Start of Supplied records

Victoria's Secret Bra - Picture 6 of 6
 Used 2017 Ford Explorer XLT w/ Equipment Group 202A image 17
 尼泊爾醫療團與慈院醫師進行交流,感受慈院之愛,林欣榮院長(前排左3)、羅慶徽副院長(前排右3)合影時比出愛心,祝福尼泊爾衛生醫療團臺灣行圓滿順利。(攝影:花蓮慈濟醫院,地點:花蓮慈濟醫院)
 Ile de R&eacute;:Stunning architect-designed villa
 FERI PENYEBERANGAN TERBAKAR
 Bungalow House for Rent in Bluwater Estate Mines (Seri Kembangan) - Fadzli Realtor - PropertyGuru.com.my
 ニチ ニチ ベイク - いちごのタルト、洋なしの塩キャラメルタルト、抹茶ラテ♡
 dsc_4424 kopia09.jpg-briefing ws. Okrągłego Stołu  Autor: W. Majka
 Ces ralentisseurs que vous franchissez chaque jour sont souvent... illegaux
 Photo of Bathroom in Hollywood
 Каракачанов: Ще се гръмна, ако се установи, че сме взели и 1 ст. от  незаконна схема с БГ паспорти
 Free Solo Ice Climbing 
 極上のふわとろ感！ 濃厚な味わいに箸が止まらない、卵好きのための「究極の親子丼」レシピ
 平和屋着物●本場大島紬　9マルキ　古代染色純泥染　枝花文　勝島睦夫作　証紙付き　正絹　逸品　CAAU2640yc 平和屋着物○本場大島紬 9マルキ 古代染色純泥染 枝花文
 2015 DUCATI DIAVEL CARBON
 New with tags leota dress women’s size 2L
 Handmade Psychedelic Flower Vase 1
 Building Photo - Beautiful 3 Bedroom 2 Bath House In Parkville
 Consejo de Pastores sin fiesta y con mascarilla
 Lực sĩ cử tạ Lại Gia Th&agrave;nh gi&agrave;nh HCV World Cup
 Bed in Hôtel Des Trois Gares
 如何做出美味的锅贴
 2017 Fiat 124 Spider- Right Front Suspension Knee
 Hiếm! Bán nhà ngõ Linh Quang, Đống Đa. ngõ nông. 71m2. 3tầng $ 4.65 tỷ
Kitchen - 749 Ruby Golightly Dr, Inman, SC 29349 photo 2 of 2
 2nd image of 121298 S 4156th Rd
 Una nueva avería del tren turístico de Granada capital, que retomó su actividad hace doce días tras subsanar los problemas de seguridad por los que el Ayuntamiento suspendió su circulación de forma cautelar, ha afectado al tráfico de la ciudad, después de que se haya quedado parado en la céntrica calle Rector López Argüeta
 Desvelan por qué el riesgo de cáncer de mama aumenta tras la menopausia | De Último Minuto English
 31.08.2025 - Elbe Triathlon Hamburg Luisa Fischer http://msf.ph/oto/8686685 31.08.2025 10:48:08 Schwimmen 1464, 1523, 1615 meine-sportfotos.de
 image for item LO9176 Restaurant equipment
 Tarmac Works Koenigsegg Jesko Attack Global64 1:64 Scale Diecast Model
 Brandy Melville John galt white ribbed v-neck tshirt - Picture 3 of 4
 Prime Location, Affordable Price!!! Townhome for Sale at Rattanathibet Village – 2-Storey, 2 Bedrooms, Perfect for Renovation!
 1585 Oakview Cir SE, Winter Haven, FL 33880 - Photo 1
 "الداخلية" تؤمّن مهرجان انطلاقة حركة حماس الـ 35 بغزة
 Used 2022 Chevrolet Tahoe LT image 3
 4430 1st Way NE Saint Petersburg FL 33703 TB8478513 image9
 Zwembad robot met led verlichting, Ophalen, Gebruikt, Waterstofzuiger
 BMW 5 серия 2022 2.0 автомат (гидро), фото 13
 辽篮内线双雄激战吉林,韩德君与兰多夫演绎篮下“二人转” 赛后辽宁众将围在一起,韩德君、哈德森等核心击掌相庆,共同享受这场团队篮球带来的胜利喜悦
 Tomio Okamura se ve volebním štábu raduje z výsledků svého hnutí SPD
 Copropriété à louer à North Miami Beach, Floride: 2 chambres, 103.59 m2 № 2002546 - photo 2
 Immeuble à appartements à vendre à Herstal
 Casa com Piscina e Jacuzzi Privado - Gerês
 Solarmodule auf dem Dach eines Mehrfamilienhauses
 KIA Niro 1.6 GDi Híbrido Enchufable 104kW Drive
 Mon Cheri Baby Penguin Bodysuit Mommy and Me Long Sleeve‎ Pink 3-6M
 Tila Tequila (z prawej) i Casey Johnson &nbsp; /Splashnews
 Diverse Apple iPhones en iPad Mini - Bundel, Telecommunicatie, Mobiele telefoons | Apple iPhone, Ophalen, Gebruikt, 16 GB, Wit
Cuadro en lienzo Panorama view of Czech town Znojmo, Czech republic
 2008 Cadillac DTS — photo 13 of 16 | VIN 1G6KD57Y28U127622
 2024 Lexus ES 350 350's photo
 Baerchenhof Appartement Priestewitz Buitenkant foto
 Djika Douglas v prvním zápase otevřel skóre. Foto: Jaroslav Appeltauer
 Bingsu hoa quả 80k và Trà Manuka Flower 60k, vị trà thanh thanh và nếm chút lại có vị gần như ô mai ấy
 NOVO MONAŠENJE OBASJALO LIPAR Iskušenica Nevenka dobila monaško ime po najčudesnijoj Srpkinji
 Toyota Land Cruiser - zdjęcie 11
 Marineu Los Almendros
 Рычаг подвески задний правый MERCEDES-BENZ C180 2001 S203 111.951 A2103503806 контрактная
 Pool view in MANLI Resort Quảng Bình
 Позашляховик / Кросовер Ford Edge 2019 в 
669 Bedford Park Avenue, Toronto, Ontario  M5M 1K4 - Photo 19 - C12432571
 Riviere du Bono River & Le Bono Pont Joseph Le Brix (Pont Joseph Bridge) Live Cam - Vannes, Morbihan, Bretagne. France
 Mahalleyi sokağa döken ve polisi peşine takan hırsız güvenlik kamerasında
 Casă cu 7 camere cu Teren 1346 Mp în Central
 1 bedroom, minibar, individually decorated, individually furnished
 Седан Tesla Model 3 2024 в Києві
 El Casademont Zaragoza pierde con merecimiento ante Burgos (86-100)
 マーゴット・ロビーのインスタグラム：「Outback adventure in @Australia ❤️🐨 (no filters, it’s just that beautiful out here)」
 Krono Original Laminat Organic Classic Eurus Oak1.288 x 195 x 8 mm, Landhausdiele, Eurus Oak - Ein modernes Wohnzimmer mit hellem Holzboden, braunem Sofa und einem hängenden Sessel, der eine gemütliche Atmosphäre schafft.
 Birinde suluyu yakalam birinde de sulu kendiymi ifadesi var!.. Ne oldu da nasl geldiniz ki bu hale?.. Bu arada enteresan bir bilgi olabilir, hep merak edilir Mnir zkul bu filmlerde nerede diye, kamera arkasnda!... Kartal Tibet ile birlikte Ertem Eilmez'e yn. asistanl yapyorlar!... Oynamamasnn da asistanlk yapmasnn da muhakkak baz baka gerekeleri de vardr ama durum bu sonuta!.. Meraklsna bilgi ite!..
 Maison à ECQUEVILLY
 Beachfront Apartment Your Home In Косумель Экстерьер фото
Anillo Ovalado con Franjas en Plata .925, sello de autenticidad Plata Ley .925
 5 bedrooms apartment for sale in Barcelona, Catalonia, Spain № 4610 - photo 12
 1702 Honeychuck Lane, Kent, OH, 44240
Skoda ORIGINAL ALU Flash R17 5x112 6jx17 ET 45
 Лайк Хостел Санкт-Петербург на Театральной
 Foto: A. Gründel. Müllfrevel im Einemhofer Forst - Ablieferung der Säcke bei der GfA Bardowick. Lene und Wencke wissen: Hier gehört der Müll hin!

End of Supplied records

--- Work instruction ---
Each line in the listing above from the one containing "Hiếm! Bán nhà" through the one containing "Copropriété à louer" should be repeated exactly, and no other line.

--- Solved problem ---
 Hiếm! Bán nhà ngõ Linh Quang, Đống Đa. ngõ nông. 71m2. 3tầng $ 4.65 tỷ
Kitchen - 749 Ruby Golightly Dr, Inman, SC 29349 photo 2 of 2
 2nd image of 121298 S 4156th Rd
 Una nueva avería del tren turístico de Granada capital, que retomó su actividad hace doce días tras subsanar los problemas de seguridad por los que el Ayuntamiento suspendió su circulación de forma cautelar, ha afectado al tráfico de la ciudad, después de que se haya quedado parado en la céntrica calle Rector López Argüeta
 Desvelan por qué el riesgo de cáncer de mama aumenta tras la menopausia | De Último Minuto English
 31.08.2025 - Elbe Triathlon Hamburg Luisa Fischer http://msf.ph/oto/8686685 31.08.2025 10:48:08 Schwimmen 1464, 1523, 1615 meine-sportfotos.de
 image for item LO9176 Restaurant equipment
 Tarmac Works Koenigsegg Jesko Attack Global64 1:64 Scale Diecast Model
 Brandy Melville John galt white ribbed v-neck tshirt - Picture 3 of 4
 Prime Location, Affordable Price!!! Townhome for Sale at Rattanathibet Village – 2-Storey, 2 Bedrooms, Perfect for Renovation!
 1585 Oakview Cir SE, Winter Haven, FL 33880 - Photo 1
 "الداخلية" تؤمّن مهرجان انطلاقة حركة حماس الـ 35 بغزة
 Used 2022 Chevrolet Tahoe LT image 3
 4430 1st Way NE Saint Petersburg FL 33703 TB8478513 image9
 Zwembad robot met led verlichting, Ophalen, Gebruikt, Waterstofzuiger
 BMW 5 серия 2022 2.0 автомат (гидро), фото 13
 辽篮内线双雄激战吉林,韩德君与兰多夫演绎篮下“二人转” 赛后辽宁众将围在一起,韩德君、哈德森等核心击掌相庆,共同享受这场团队篮球带来的胜利喜悦
 Tomio Okamura se ve volebním štábu raduje z výsledků svého hnutí SPD
 Copropriété à louer à North Miami Beach, Floride: 2 chambres, 103.59 m2 № 2002546 - photo 2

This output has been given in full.